-------- Information

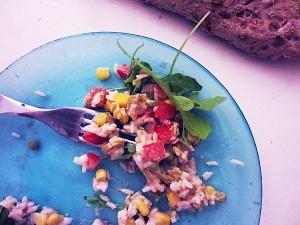 publier-facebook-twitter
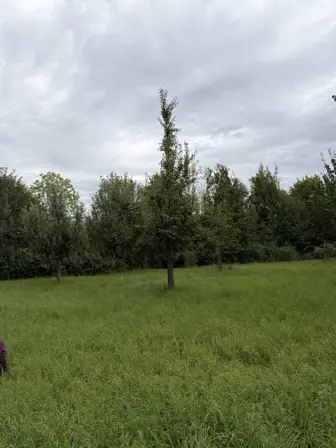 Foto treephoto-ymsd1vdesi0vez1un9k7bh5h.jpeg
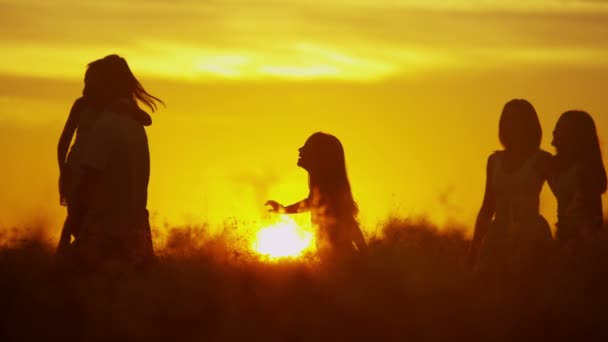 父母带着女儿在日落时的草地上 — 图库视频影像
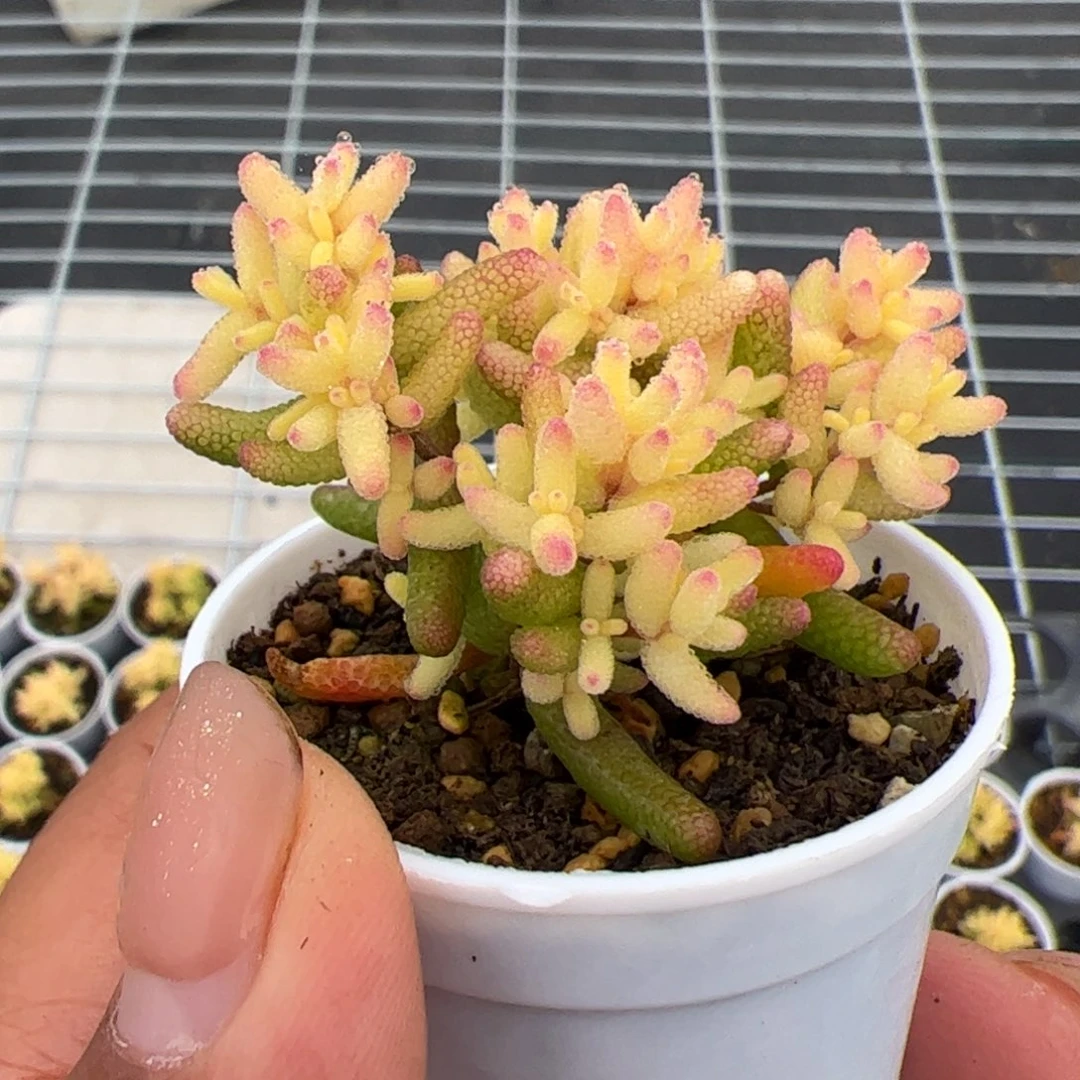 苏***嘎多肉植物枝干真飞机猪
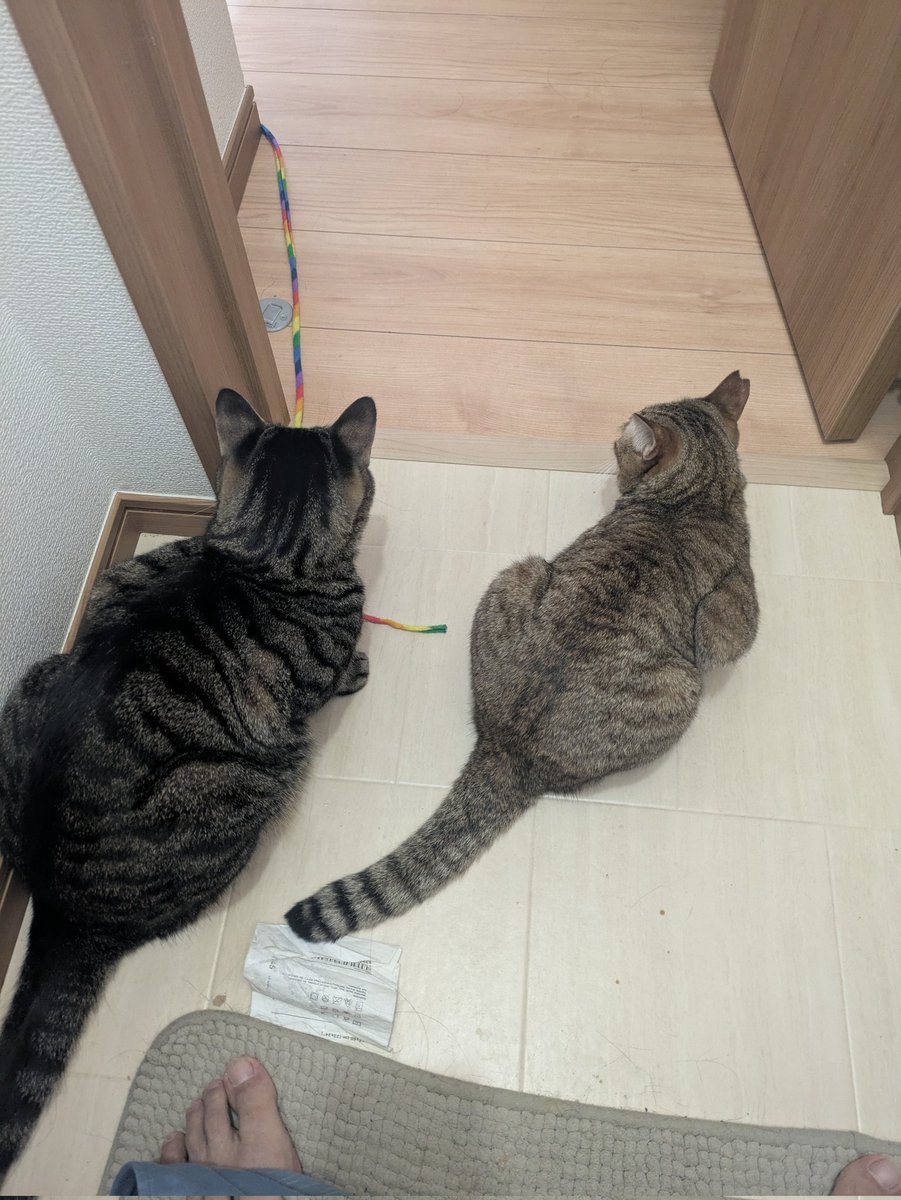 ニャルソック！

飼い主のトイレを外敵から守る！

#猫のいる暮らし𓃠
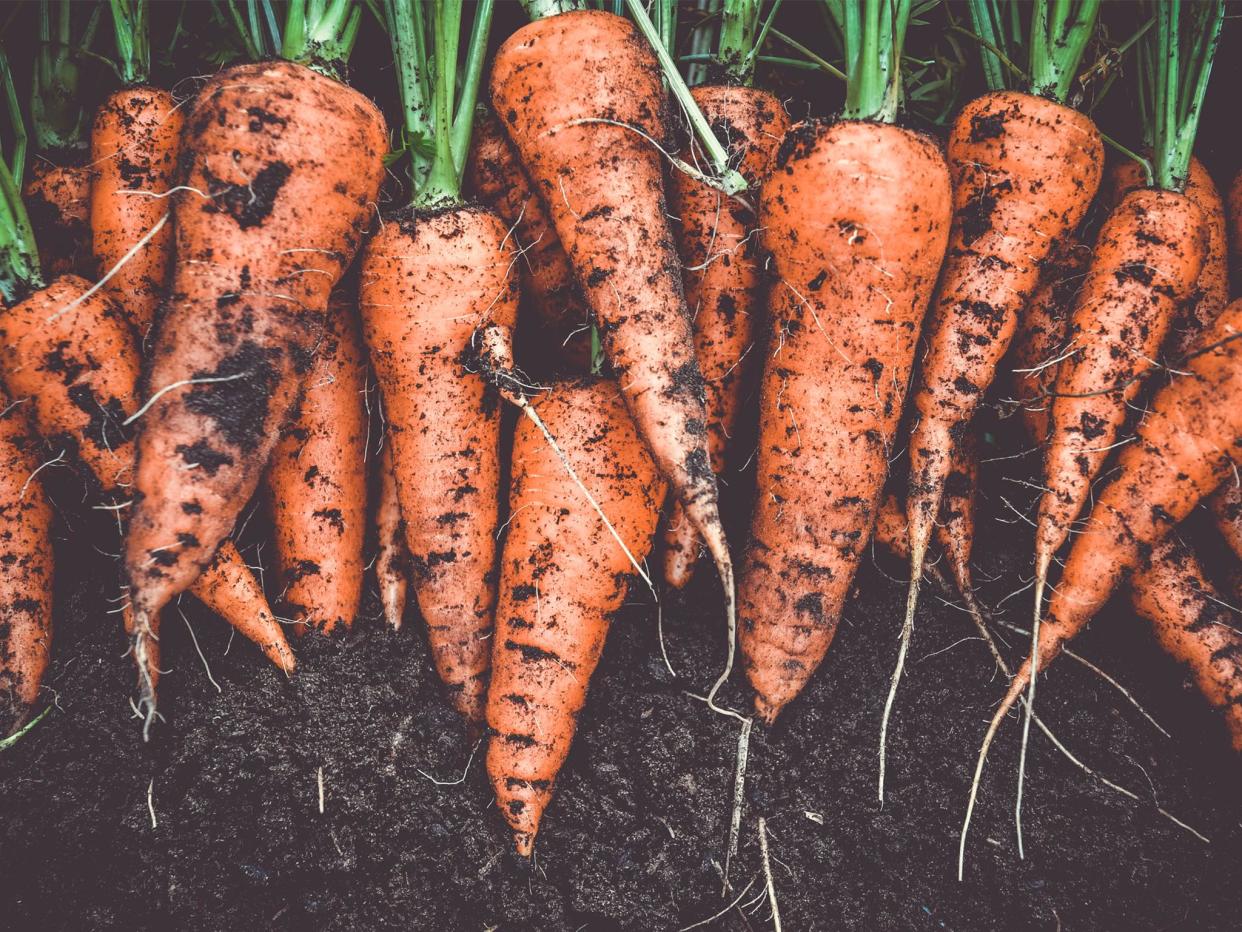 Guy Barter, chief horticulturist for the Royal Horticultural Society, reveals what to plant and where, to see a fruitful harvest (iStock)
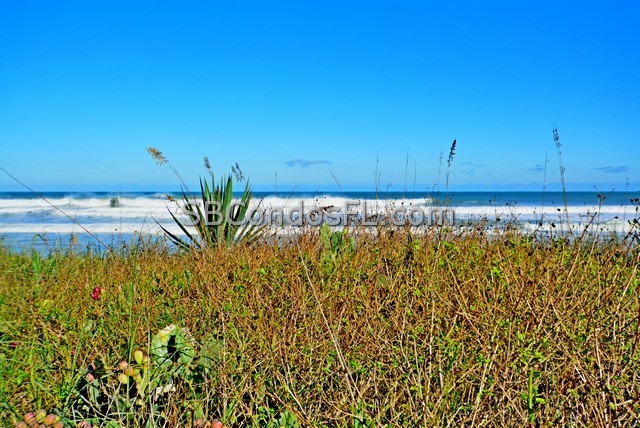 Oceanfront Condos Terry Palmiter RE/MAX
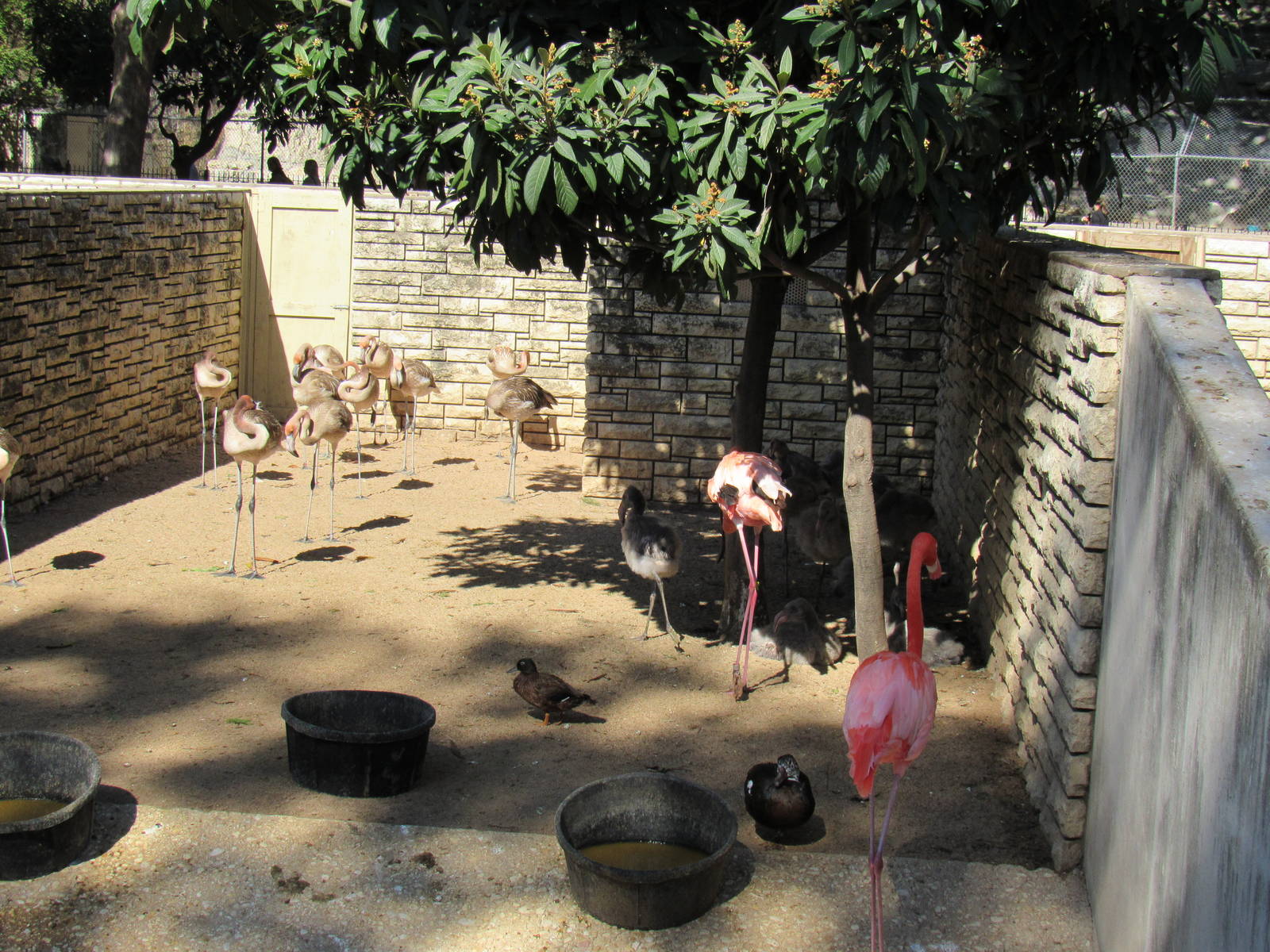 Chilean Flamingo juveniles and chicks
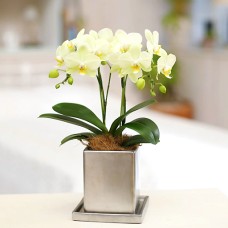 curly chrome pot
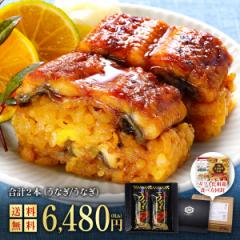 丑の日 うなぎ お中元 御中元 ギフト 押し寿司ギフト詰合せ 専用化粧箱＆食べ方の説明書同封 国産うなぎ寿司  2本セット（16貫/カット済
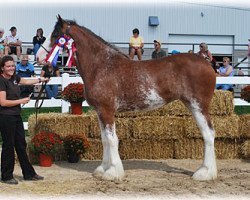 broodmare Glorious Explorer of 2S (Clydesdale, 2007, from Millisle Explorer)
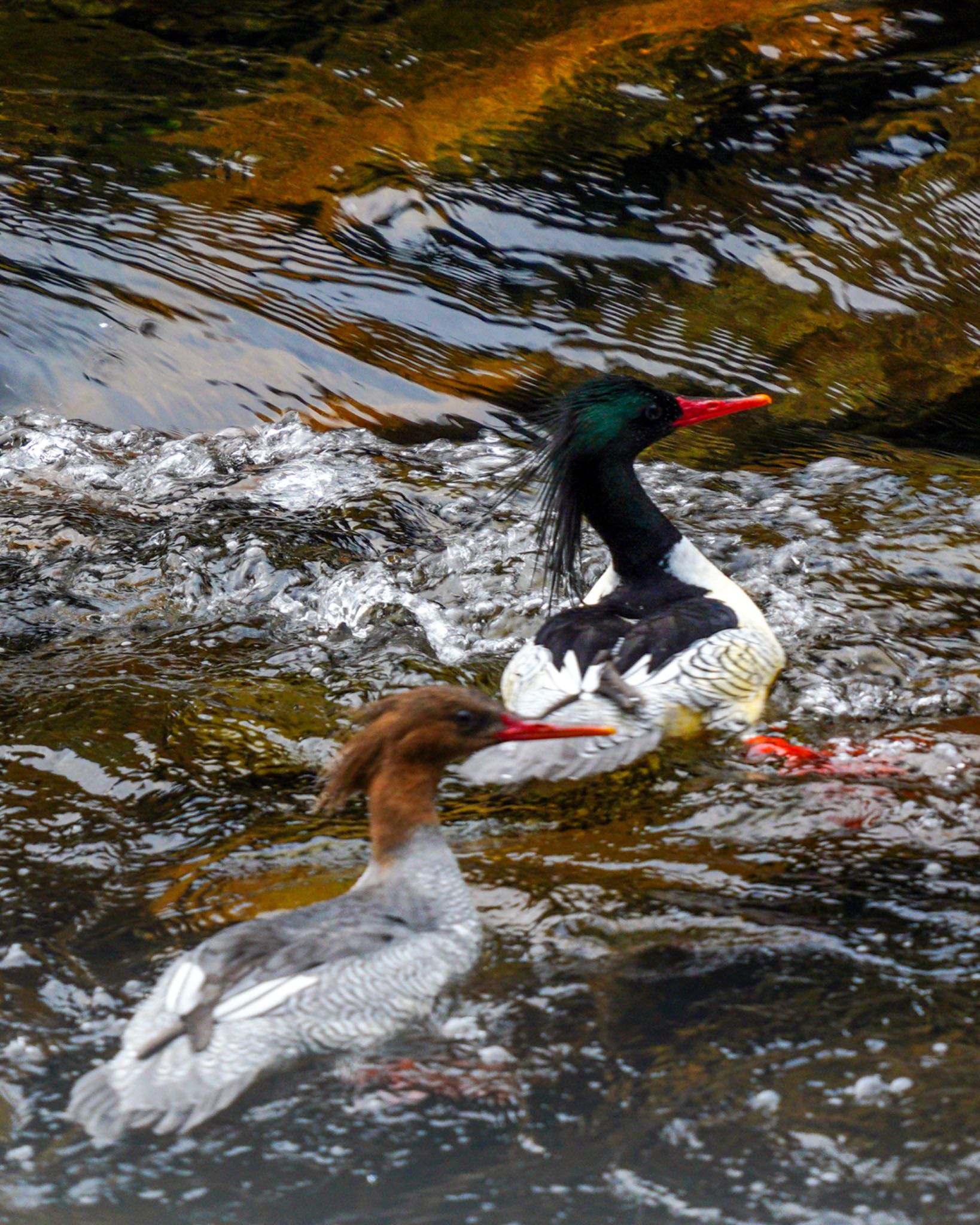  コウライアイサの写真 by wildbirder_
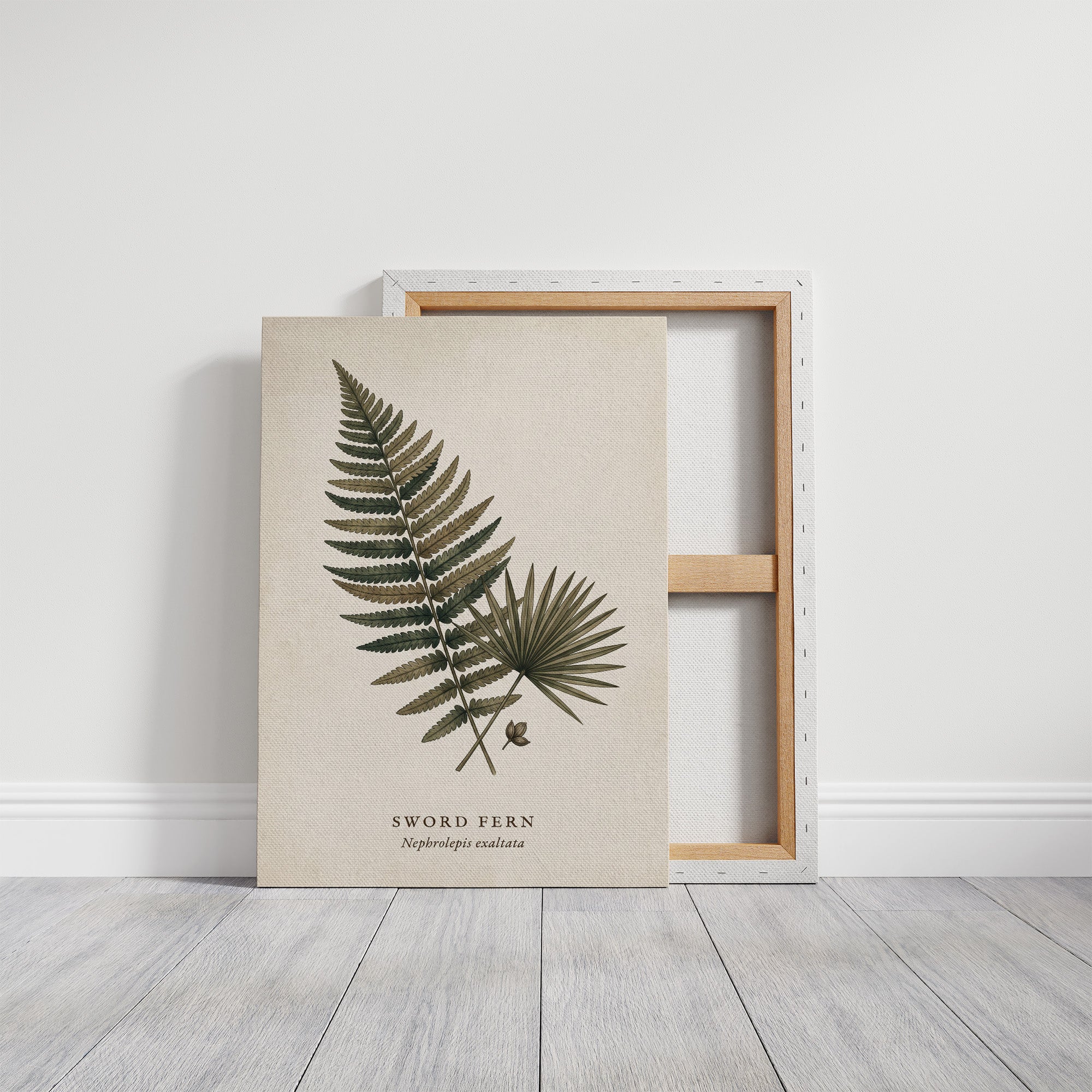 Vintage Herbarium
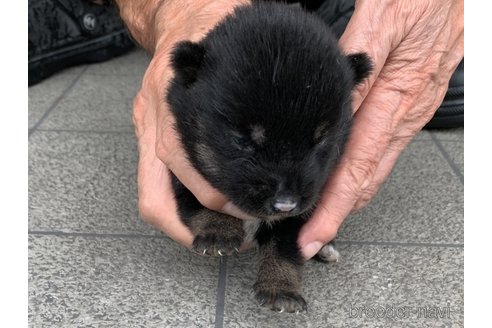 成約済の長崎県の柴犬-323189の2枚目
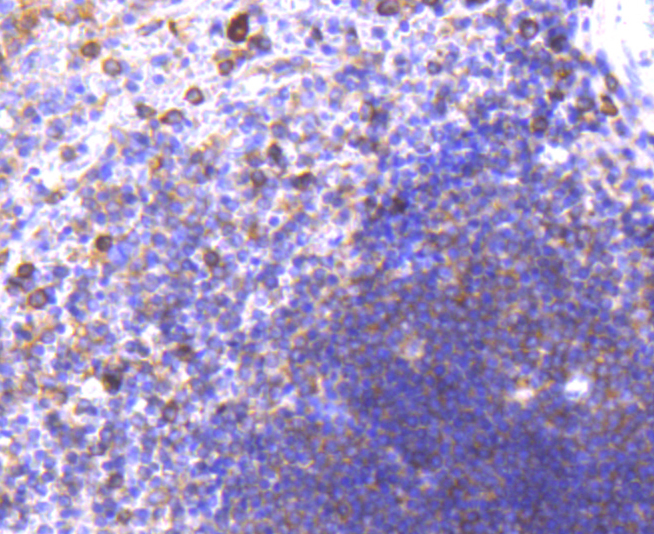CD38 Rabbit mAb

----------------

* Assignment *
Only the lines between the one containing "Foto treephoto-ymsd1vdesi0vez1un9k7bh5h.jpeg" and the last line of the listing above, both included, should be written out, exactly and without pictures.

* Exercise response *
 Foto treephoto-ymsd1vdesi0vez1un9k7bh5h.jpeg
 父母带着女儿在日落时的草地上 — 图库视频影像
 苏***嘎多肉植物枝干真飞机猪
 ニャルソック！

飼い主のトイレを外敵から守る！

#猫のいる暮らし𓃠
 Guy Barter, chief horticulturist for the Royal Horticultural Society, reveals what to plant and where, to see a fruitful harvest (iStock)
 Oceanfront Condos Terry Palmiter RE/MAX
 Chilean Flamingo juveniles and chicks
 curly chrome pot
 丑の日 うなぎ お中元 御中元 ギフト 押し寿司ギフト詰合せ 専用化粧箱＆食べ方の説明書同封 国産うなぎ寿司  2本セット（16貫/カット済
 broodmare Glorious Explorer of 2S (Clydesdale, 2007, from Millisle Explorer)
  コウライアイサの写真 by wildbirder_
 Vintage Herbarium
 成約済の長崎県の柴犬-323189の2枚目
CD38 Rabbit mAb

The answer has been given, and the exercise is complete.